Complaint Substantiated

(2) If at the conclusion of the inquiry the member of panel finds that the complaint is substantiated, the member or panel may, subject to section 54, make an order against the person found to be engaging or to have engaged in the discriminatory practice and include in the order any of the following terms that the member or panel considers appropriate:

[...]

(c) that the person compensate the victim for any or all of the wages that the victim was deprived of and for any expenses incurred by the victim as a result of the discriminatory practice;

[...]

[Emphasis added]

Plainte jugée fondée

(2) À l'issue de l'instruction, le membre instructeur qui juge la plainte fondée, peut, sous réserve de l'article 54, ordonner, selon les circonstances, à la personne trouvée coupable d'un acte discriminatoire:

[...]

c) d'indemniser la victime de la totalité, ou de la fraction des pertes de salaire et des dépenses entraînées par l'acte;

[...]

[je souligne]

[8]                With respect to jurisdiction to order retroactive compensation pursuant to s.53(2)(c), at paragraph 431 of its decision, the CHRT applies the decision of Justice Hugessen in Public Service Alliance of Canada v. Canada (Department of National Defence), [1996] 3 F.C. 789 (F.C.A.) [Non-Public Funds] as follows:

The reach of s. 53(2)(c) of the Act was commented upon by Hugessen J.A. in Non-Public Funds, supra, in the context of a Tribunal's authority to make whole a complainant who has suffered discrimination. Mr. Justice Hugessen was critical of the Human Rights Tribunal for its "absurdly minimalistic approach to its remedial powers," (paragraph 20, p. 90), in denying that any retroactive pay adjustment should be made. Mr. Justice Hugessen comments on s. 53(2)(c) in paragraph 20 as follows:


As I read this provision, it is a simple and straightforward authority to order the payment to a victim of lost wages resulting from a discriminatory practice. Such an order will always be backward looking and will result from the answer to the question "what wages was this victim deprived of as a result of the discriminatory practice?" Nothing in the text justifies the view that such an award should be "minimally afforded" or that its starting point should be restricted "to the moment the complaint was filed". A complaint of discrimination necessarily relates to practices which have predated the complaint itself; one can hardly complain of discrimination which has not yet occurred. Of course, the discrimination may be continuing so that the Tribunal will also order remedies for the future, but that fact should not blind us to the obvious need to remedy what has taken place in the past ...

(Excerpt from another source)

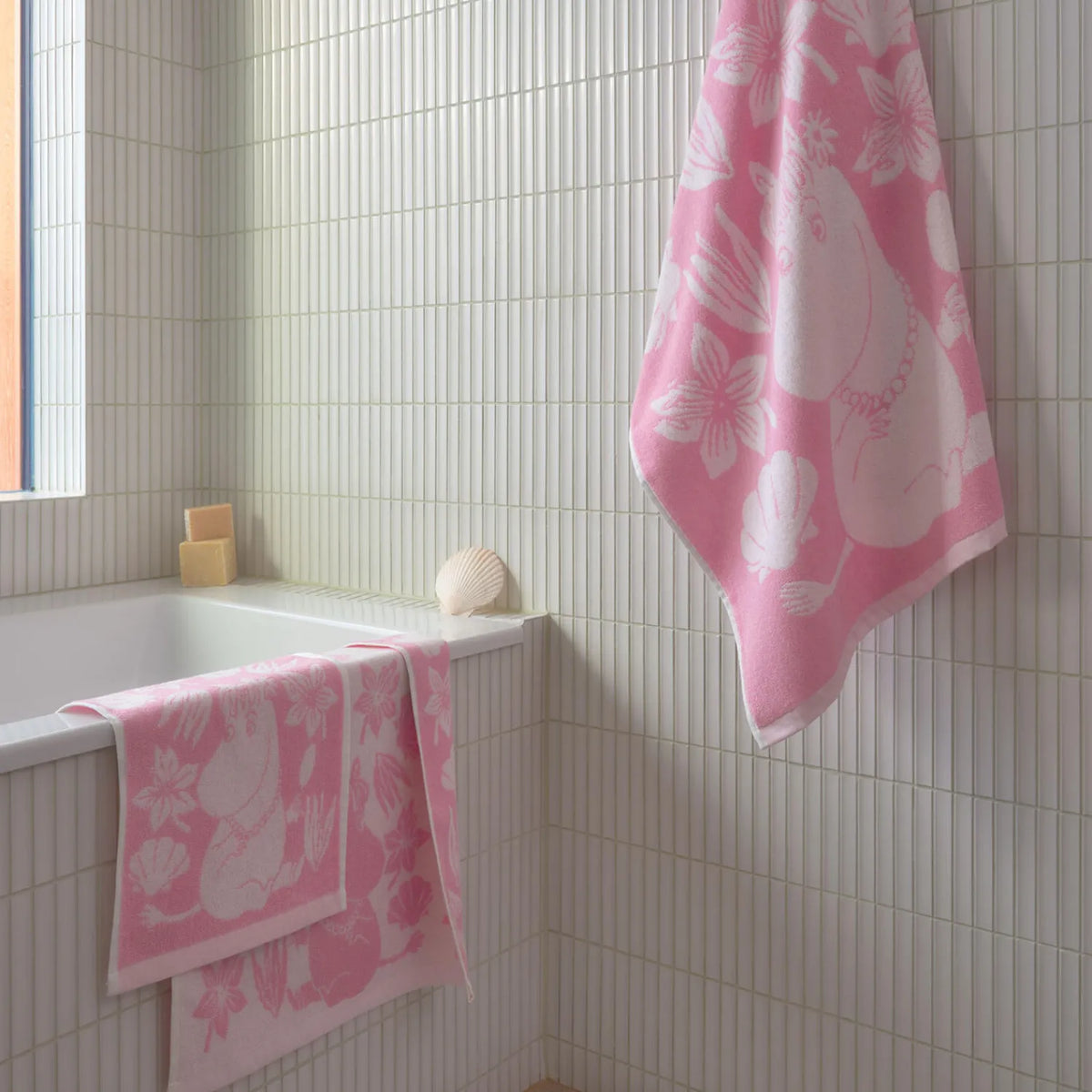 Mummi håndkle 70 x 140 cm Snorføkken Rosa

The essential point to be taken from this authority is that a CHRT ordered retroactive payment is an equalization payment of wages owing to an employee as a result of discriminatory pay practice on the part of an employer.

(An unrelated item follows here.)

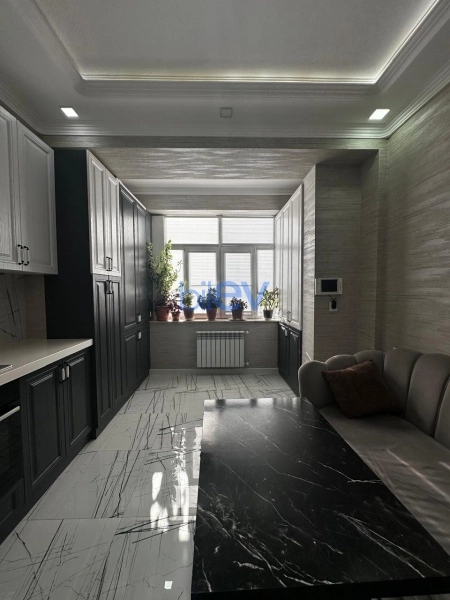 Satış 3 otaqlı Yeni Tikili bina evi  110m², Bakı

[9]                As a result, the relevant features of the CHRT's order read as follows::

Based on the foregoing finding of a breach of s.11 of the Act, the Tribunal ORDERS:

[...]

5.             That the effective date for calculation of the retroactive wage adjustment is March 8, 1985.

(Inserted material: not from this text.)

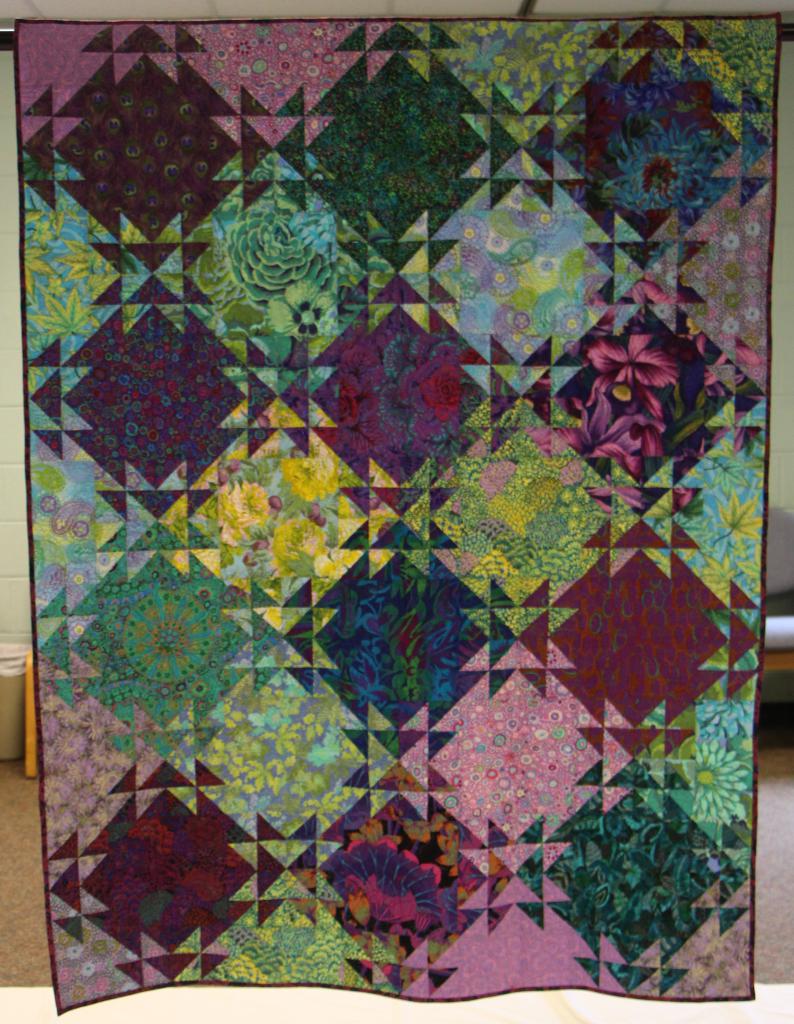 Wall Quilts Pieced 3rd Place: Cleo Ward, Shimmery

6.             That for each year during the retroactive period, i.e. the period from March 8, 1985 to the date of this decision, equalization payments shall be calculated using the 1987-88 job evaluation data from the JUMI Study and the contemporary wage rates for the applicable fiscal year.

7.             That pay equity adjustments of wages for times after the date of this decision shall be folded in and become an integral part of wages.

[...]


2. The Treasury Board Secretariat's rationale

[10]            The Treasury Board Secretariat ("the Secretariat") is the administrative arm of the Treasury Board and provides advice and support to its members. The following opinion of the Secretariat, dated September 21, 2000, was sent to the RCMP for distribution to members of the FLI-FIT group as the rationale for the approach taken with respect to the application of the CHRT decision to the FLI-FIT group:

Exclusion of the FLI-FIT and TO groups from the extension of pay equity settlement to certain civilian members of the RCMP

The FLI-FIT group of the RCMP have their pay determined through a touch-point methodology with the CR group in the public service. This touch-point methodology has been in place since 1975. The FIT-01 maximum rate of pay is equated to the CR-05 maximum rate of pay. The rest of the FIT pay rates are then calculated using a set of established relativities between levels and lock-steps.

The TO group used a sampling methodology that consider multiple comparator groups and used a regression formula to determine a rate of pay.

Under this pay policy the RCMP is seeking to extend the provisions of the PSAC pay equity settlement to the employees of the FIT group based on the settlement values received by employees in their touch-point PS group (CR-05).

The Secretariat does not support this proposal on the following grounds:

·               Pay comparability is based on a comparison of rates of pay. CR rates of pay were not amended until July 1998. The Secretariat will support the roll-in of the value of the pay equity wage adjustment at the first pay rate revision following the July 98 roll-in on the basis of pay comparability. For the FIT group, this would be January 1, 1999. This position has been consistently applied for separate employers (where a touch-point/sampling methodology is used).


·               The settlement payments provided for the retroactive period (1985-1998) are a remedy for wages lost due to gender-based wage discrimination. This remedy applies to members of the six occupational groups who were a party to the complaint. However, the Secretariat supports the extension of the provisions of the settlement, on pay equity grounds, to civilian members whose work is classified using the same standards as the complainant groups. In essence, employees in equivalent CK and CR positions are doing the same work. The work of FLI-FIT group [sic] is adequately different enough from the work of a CR to merit its own classification standard. This is what differentiates the FLI-FIT group from the CK, SY, DA & WPO groups. A parallel relationship between the FLI-FIT and CR does not appear to exist.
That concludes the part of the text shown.